The present disclosure relates to the field of computer technology, and in particular to an interactive method and device, speakers, electronic equipment, and storage media.

Background technique

In the voice interaction scenario, the voice input by the user undergoes natural language understanding and dialogue decision-making, and then a response to the user or the service requested by the user is obtained. Engineers and researchers provide various types of dialogue decision models. Currently, in the dialogue decision-making system, different dialogue decision-making models exist separately. For example, the text entered by the user first passes through a rule-based dialogue decision model, and if there is a result, it is returned to the user, otherwise it continues to pass through the matching-based dialogue decision model, and if there is a result, it is returned to the user.
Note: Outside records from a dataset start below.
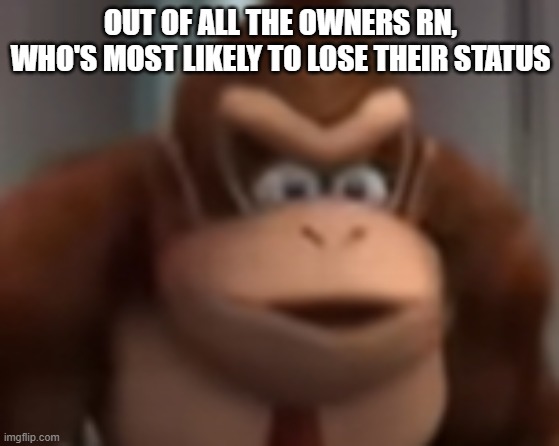 "lose their status" lmao just drink a milk bucket | OUT OF ALL THE OWNERS RN, WHO'S MOST LIKELY TO LOSE THEIR STATUS | image tagged in kinkey dong | made w/ Imgflip meme maker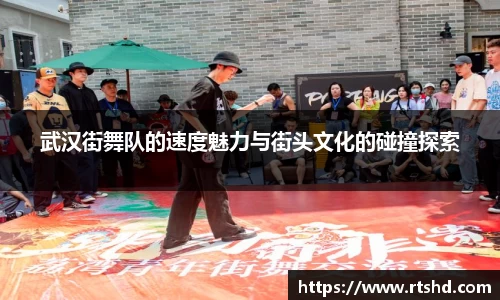 武汉街舞队的速度魅力与街头文化的碰撞探索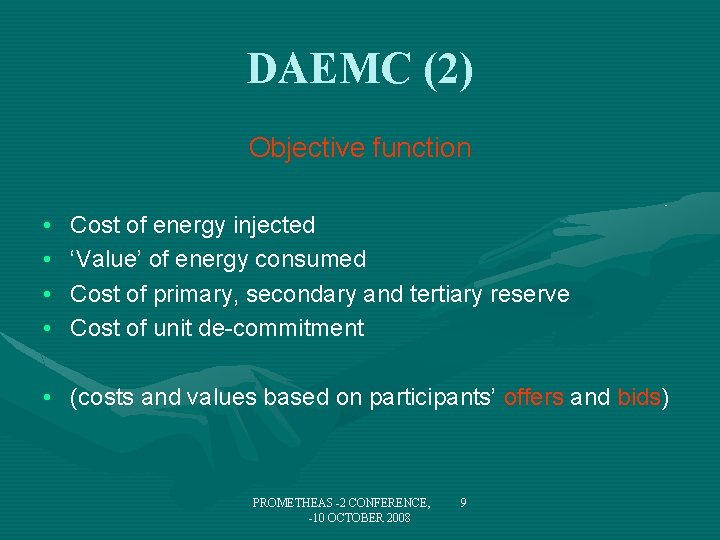 DAEMC (2) Objective function • • Cost of energy injected ‘Value’ of energy consumed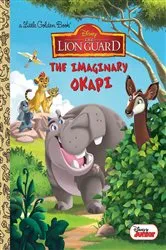 Book cover of The Imaginary Okapi (Disney Junior: The Lion Guard) by Judy Katschke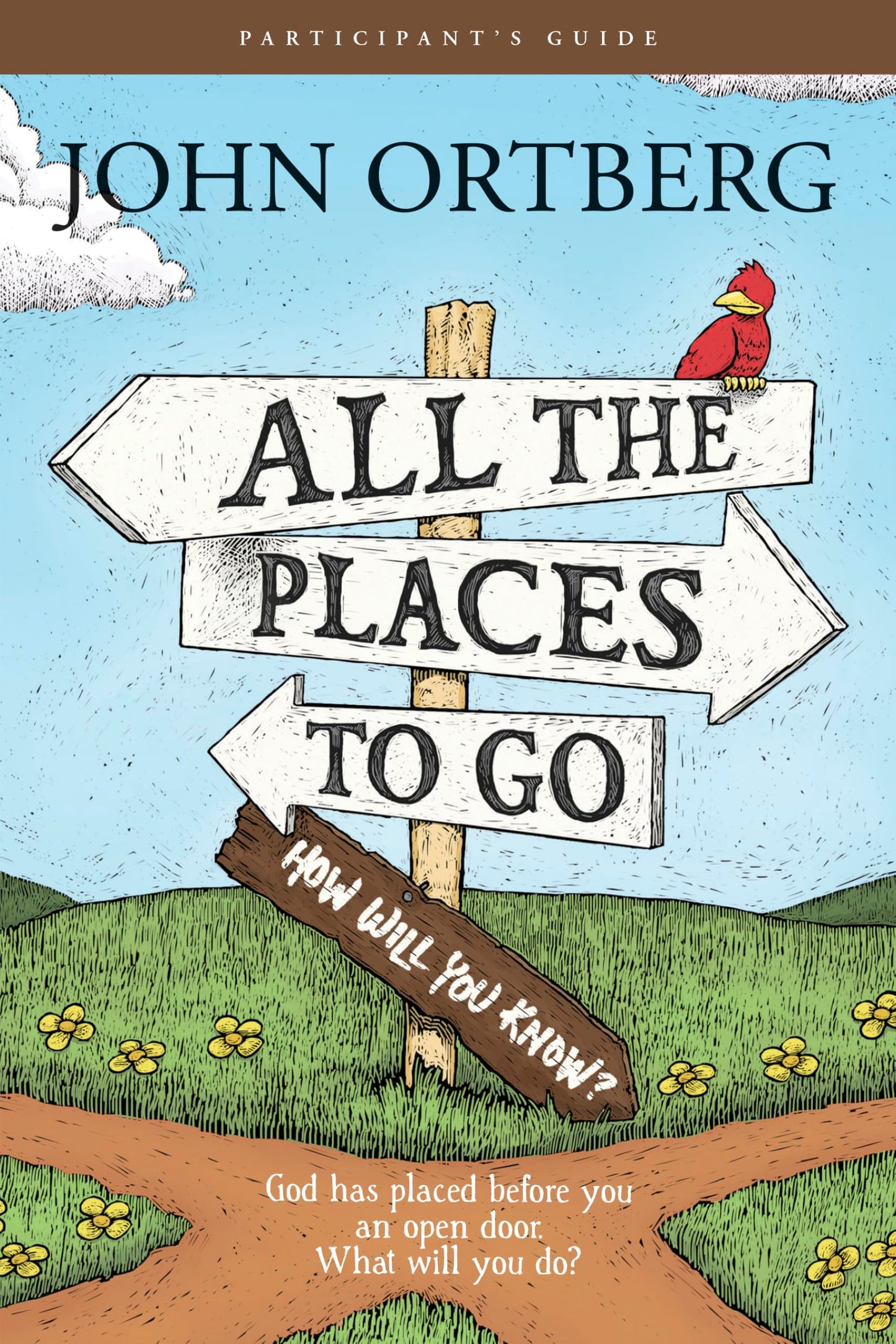 All the Places to Go: Participant's Guide by John Ortberg image 0
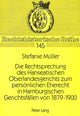 Book cover of: Die Rechtsprechung des Hanseatischen Oberlandesgerichts zum persoenlichen Eherecht in Hamburgischen Gerichtsfaellen von 1879-1900
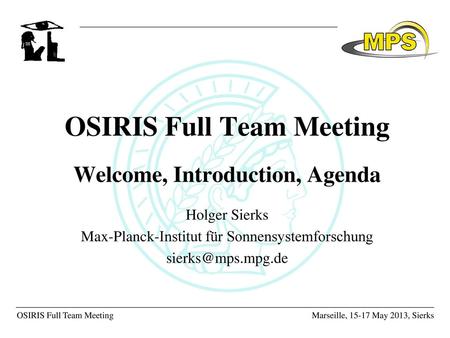 OSIRIS Full Team Meeting Welcome, Introduction, Agenda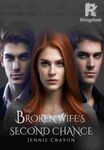 The Broken Wife's Second Chance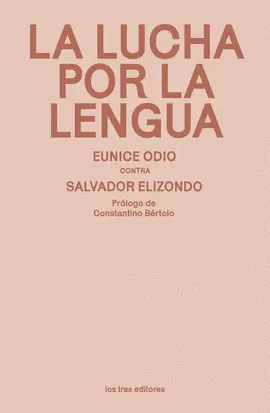 LUCHA POR LA LENGUA, LA LUCHA POR LA LENGUA, LA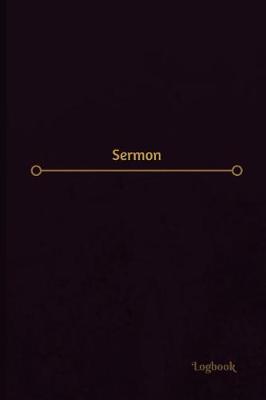 Book cover for Sermon Log (Logbook, Journal - 120 pages, 6 x 9 inches)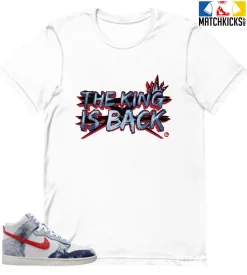 T-Shirt - Nike Dunk High Washed Denim Pack - Sneaker-Matching T-Shirt (The King Is Back)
Different dialogue decision models are completely separated and cannot help each other to make better dialogue decisions during the next user input.

How to integrate various dialogue decision-making models for more accurate dialogue decision-making is an urgent problem to be solved.

Summary of the invention

The present disclosure proposes an interactive technical solution.

According to an aspect of the present disclosure, there is provided an interaction method including:

Obtain the user input information for the t-th round, where t is an integer greater than or equal to 1;

At least according to the user input information of the t-th round and the output information of the t-1 round, the decision results of multiple decision models in the t-th round are determined, wherein the output information of the t-1 round is based on the The decision results of multiple decision models in the t-1 round are determined;

According to the decision results of the multiple decision models in the t round, the output information of the t round is determined.

In a possible implementation manner, the determining the decision results of multiple decision models in the t round at least according to the user input information of the t round and the output information of the t-1 round includes:

According to the user input information of the t-th round, the output information of the t-1 round, and the state information of the t-th round, the decision results of the multiple decision models in the t-th round are determined.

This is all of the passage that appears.